Abstract:The classical PAC sample complexity bounds are stated for any Empirical Risk Minimizer (ERM) and contain an extra logarithmic factor $\log(1/{\epsilon})$ which is known to be necessary for ERM in general. It has been recently shown by Hanneke (2016) that the optimal sample complexity of PAC learning for any VC class C is achieved by a particular improper learning algorithm, which outputs a specific majority-vote of hypotheses in C. This leaves the question of when this bound can be achieved by proper learning algorithms, which are restricted to always output a hypothesis from C. In this paper we aim to characterize the classes for which the optimal sample complexity can be achieved by a proper learning algorithm.
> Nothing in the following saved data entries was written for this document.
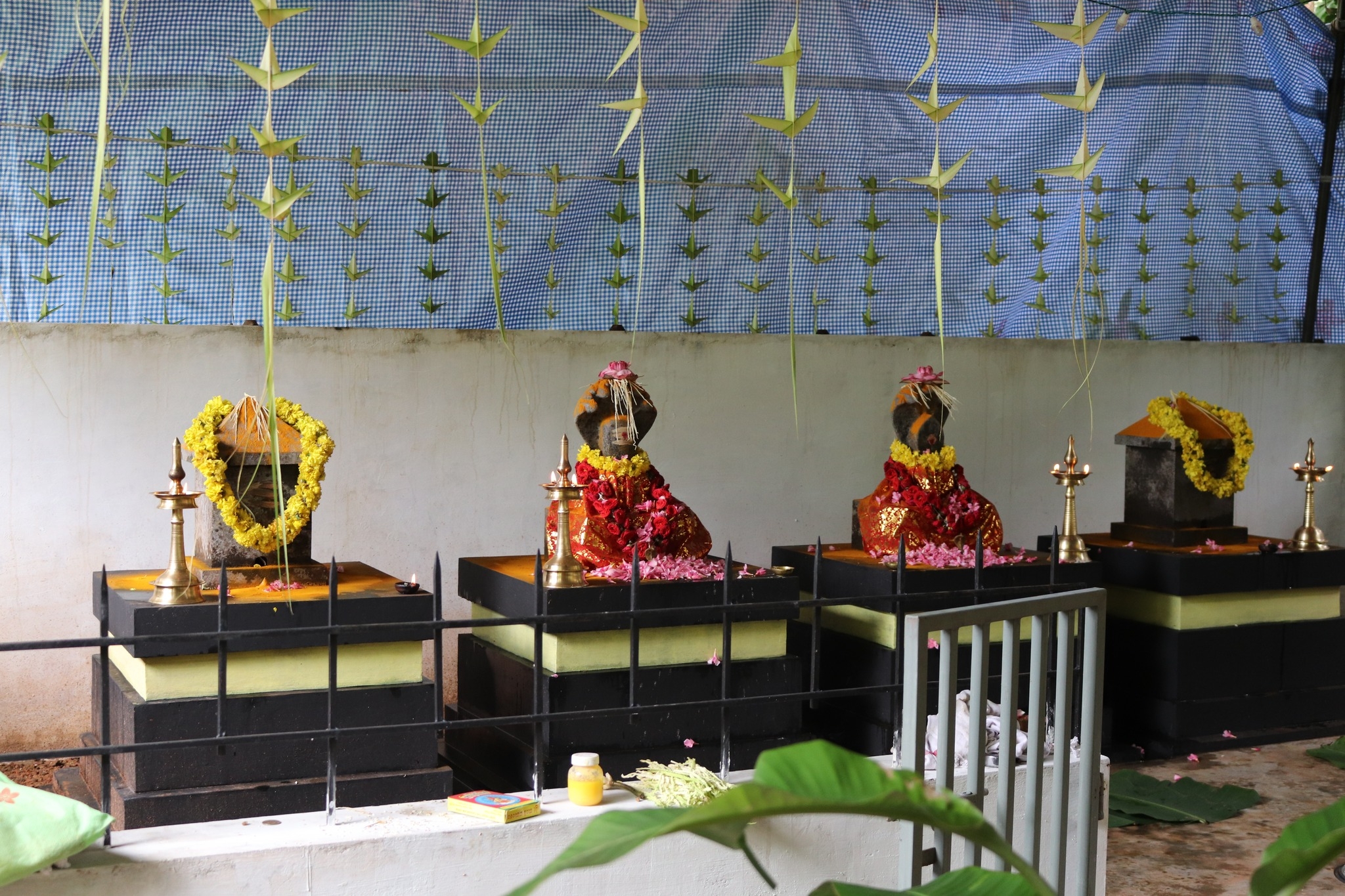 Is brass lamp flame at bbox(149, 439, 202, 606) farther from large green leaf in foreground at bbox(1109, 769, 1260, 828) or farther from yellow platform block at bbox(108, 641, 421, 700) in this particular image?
large green leaf in foreground at bbox(1109, 769, 1260, 828)

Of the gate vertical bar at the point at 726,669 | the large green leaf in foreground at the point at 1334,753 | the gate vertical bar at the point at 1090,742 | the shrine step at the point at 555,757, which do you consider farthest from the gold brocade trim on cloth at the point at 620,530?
the large green leaf in foreground at the point at 1334,753

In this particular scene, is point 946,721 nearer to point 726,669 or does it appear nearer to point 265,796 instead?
point 726,669

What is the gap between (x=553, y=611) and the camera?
3.68 meters

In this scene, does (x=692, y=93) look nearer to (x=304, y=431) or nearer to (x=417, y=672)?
(x=304, y=431)

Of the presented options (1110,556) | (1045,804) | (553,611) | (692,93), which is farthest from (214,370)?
(1110,556)

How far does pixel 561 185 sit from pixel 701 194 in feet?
2.13

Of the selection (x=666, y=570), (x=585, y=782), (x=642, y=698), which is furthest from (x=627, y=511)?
(x=585, y=782)

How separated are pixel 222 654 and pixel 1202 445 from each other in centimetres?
412

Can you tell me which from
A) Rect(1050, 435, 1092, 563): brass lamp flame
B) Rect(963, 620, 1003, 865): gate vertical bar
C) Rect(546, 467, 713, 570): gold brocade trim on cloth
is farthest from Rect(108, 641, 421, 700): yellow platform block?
Rect(1050, 435, 1092, 563): brass lamp flame

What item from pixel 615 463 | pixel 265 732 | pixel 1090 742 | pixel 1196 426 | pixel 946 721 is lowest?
pixel 265 732

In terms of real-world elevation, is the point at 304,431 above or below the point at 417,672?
above

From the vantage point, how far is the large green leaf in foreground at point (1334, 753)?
5.08 m

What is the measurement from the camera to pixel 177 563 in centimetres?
326

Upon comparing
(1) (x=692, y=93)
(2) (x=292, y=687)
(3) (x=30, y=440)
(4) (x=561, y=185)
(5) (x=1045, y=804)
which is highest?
(1) (x=692, y=93) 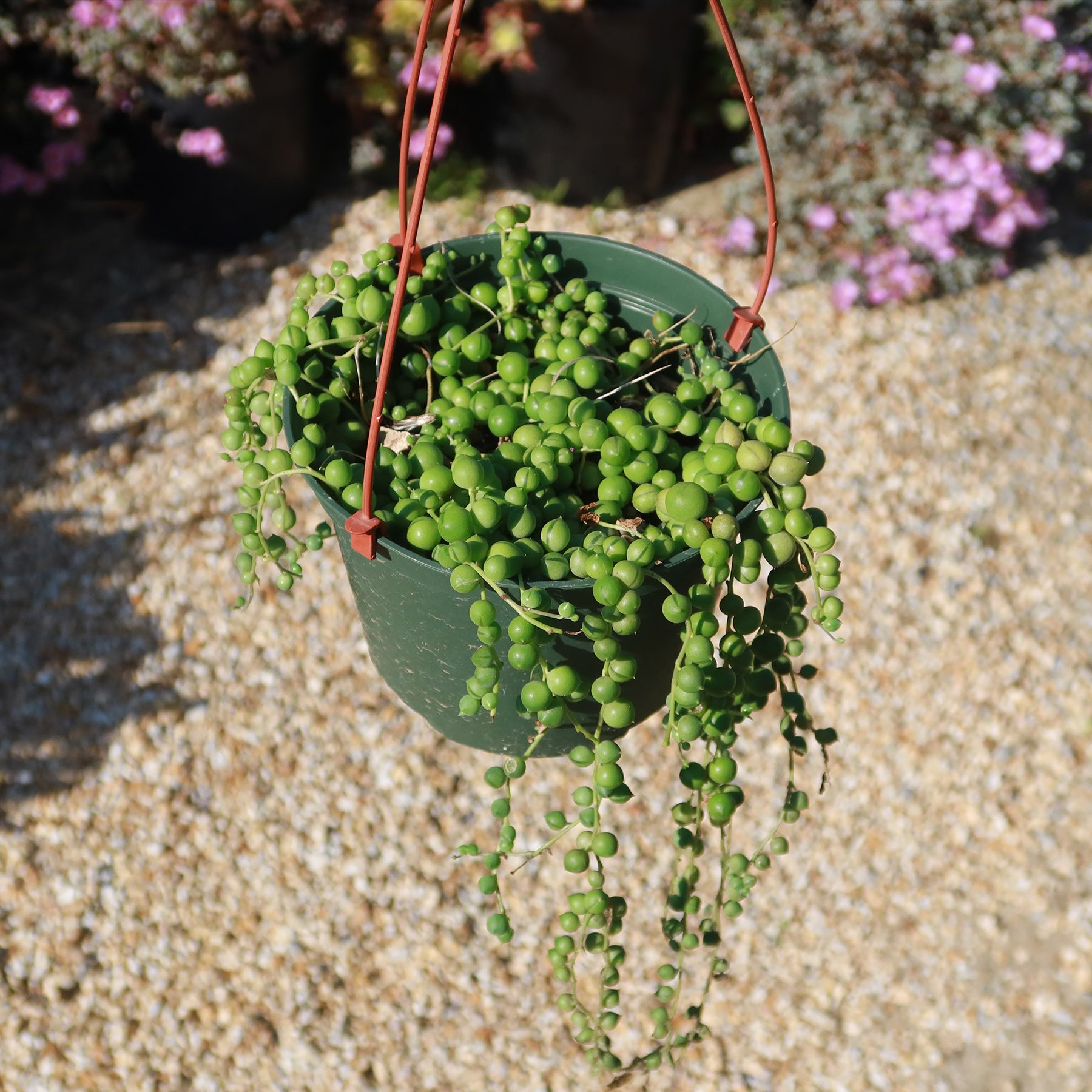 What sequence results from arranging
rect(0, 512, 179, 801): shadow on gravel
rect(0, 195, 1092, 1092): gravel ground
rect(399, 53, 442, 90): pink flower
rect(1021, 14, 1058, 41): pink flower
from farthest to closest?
1. rect(399, 53, 442, 90): pink flower
2. rect(1021, 14, 1058, 41): pink flower
3. rect(0, 512, 179, 801): shadow on gravel
4. rect(0, 195, 1092, 1092): gravel ground

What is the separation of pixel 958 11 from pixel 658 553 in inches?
124

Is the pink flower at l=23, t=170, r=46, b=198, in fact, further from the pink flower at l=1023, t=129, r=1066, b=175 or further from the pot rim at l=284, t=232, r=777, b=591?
the pink flower at l=1023, t=129, r=1066, b=175

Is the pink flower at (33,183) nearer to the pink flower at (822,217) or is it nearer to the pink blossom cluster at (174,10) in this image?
the pink blossom cluster at (174,10)

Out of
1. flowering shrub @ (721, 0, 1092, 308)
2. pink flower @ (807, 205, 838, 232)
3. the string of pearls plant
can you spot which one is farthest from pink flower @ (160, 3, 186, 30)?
the string of pearls plant

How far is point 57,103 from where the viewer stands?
337cm

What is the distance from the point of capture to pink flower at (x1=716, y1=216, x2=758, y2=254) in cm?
356

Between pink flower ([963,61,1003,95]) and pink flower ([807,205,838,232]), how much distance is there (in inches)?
22.1

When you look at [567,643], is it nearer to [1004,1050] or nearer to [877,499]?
[1004,1050]

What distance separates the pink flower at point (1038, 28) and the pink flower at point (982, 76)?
0.65ft

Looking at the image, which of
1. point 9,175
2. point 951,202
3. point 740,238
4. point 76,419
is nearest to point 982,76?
point 951,202

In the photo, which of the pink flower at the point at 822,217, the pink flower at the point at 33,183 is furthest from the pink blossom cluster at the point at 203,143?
the pink flower at the point at 822,217

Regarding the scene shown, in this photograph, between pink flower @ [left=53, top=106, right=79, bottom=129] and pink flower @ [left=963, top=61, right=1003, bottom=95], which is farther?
pink flower @ [left=53, top=106, right=79, bottom=129]

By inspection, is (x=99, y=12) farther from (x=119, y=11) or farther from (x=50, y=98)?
(x=50, y=98)

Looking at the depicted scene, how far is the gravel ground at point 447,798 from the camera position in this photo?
2330mm
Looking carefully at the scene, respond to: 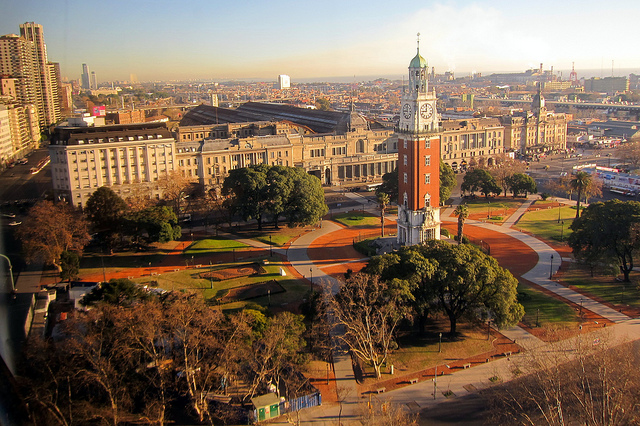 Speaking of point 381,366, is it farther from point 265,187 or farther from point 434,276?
point 265,187

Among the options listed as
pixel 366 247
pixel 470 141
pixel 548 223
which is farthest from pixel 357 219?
pixel 470 141

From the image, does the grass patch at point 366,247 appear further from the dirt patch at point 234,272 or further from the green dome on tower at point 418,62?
the green dome on tower at point 418,62

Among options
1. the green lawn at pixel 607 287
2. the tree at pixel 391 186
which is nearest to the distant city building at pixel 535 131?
the tree at pixel 391 186

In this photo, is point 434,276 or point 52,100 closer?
point 434,276

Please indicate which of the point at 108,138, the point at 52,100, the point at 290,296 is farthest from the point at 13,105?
the point at 290,296

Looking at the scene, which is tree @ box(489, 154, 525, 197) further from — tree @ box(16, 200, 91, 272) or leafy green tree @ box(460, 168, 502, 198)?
tree @ box(16, 200, 91, 272)

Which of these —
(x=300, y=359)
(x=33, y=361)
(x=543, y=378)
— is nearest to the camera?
(x=33, y=361) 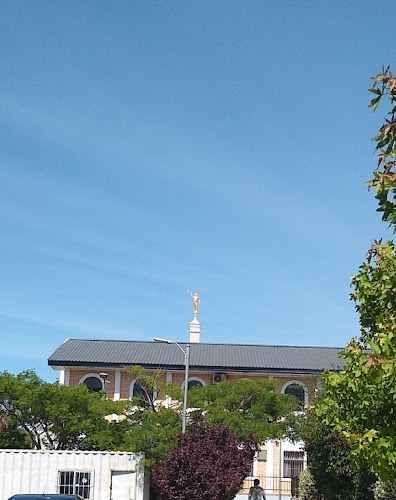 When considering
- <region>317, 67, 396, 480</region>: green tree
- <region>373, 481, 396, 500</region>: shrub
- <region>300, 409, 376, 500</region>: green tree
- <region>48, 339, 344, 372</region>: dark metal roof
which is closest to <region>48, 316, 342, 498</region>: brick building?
<region>48, 339, 344, 372</region>: dark metal roof

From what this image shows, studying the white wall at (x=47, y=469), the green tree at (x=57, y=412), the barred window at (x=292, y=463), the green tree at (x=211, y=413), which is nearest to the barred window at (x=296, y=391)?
the barred window at (x=292, y=463)

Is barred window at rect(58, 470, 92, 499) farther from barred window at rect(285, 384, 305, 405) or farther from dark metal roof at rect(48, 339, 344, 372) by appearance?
barred window at rect(285, 384, 305, 405)

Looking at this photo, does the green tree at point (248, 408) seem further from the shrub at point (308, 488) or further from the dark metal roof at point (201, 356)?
the dark metal roof at point (201, 356)

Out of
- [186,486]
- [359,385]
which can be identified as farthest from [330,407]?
[186,486]

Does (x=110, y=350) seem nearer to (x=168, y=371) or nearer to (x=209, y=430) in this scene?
(x=168, y=371)

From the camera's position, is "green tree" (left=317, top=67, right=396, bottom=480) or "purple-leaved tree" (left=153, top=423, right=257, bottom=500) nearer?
"green tree" (left=317, top=67, right=396, bottom=480)

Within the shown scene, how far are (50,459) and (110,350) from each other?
17476 mm

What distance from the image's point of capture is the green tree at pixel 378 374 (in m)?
11.6

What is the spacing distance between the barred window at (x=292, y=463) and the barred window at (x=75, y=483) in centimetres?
1626

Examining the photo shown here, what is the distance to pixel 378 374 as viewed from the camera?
38.8 feet

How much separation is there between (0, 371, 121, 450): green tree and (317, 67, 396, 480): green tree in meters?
26.0

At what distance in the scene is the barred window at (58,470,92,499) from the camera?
117 ft

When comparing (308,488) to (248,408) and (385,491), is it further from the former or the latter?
(385,491)

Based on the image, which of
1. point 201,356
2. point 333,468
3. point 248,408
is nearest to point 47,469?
point 248,408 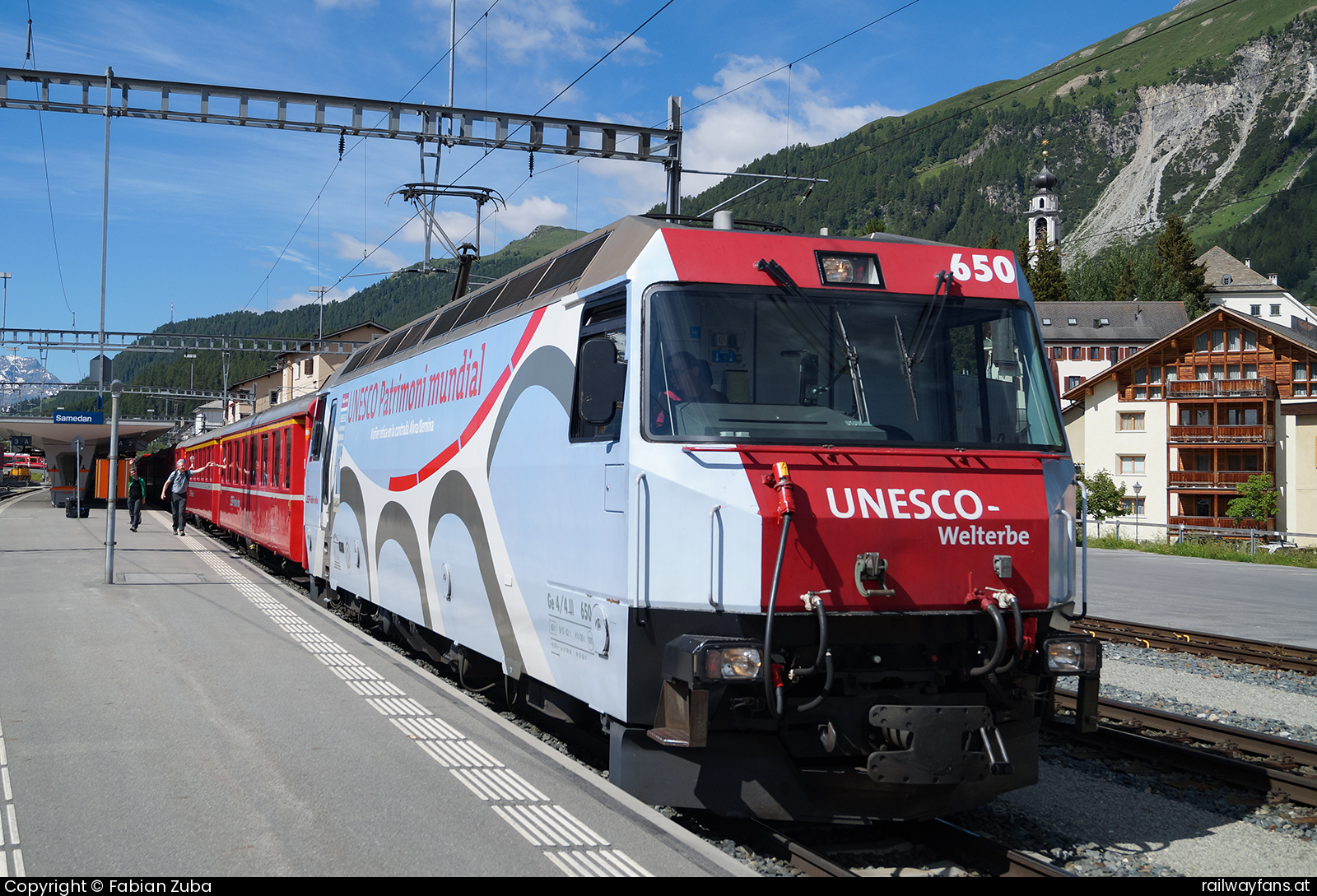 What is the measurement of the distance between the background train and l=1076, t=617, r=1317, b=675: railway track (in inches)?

We identify that these classes can be characterized by the dual Helly number, which is a combinatorial parameter that arises in discrete geometry and abstract convexity. In particular, under general conditions on C, we show that the dual Helly number is bounded if and only if there is a proper learner that obtains the optimal joint dependence on $\epsilon$ and $\delta$. As further implications of our techniques we resolve a long-standing open problem posed by Vapnik and Chervonenkis (1974) on the performance of the Support Vector Machine by proving that the sample complexity of SVM in the realizable case is $\Theta((n/{\epsilon})+(1/{\epsilon})\log(1/{\delta}))$, where $n$ is the dimension. This gives the first optimal PAC bound for Halfspaces achieved by a proper learning algorithm, and moreover is computationally efficient.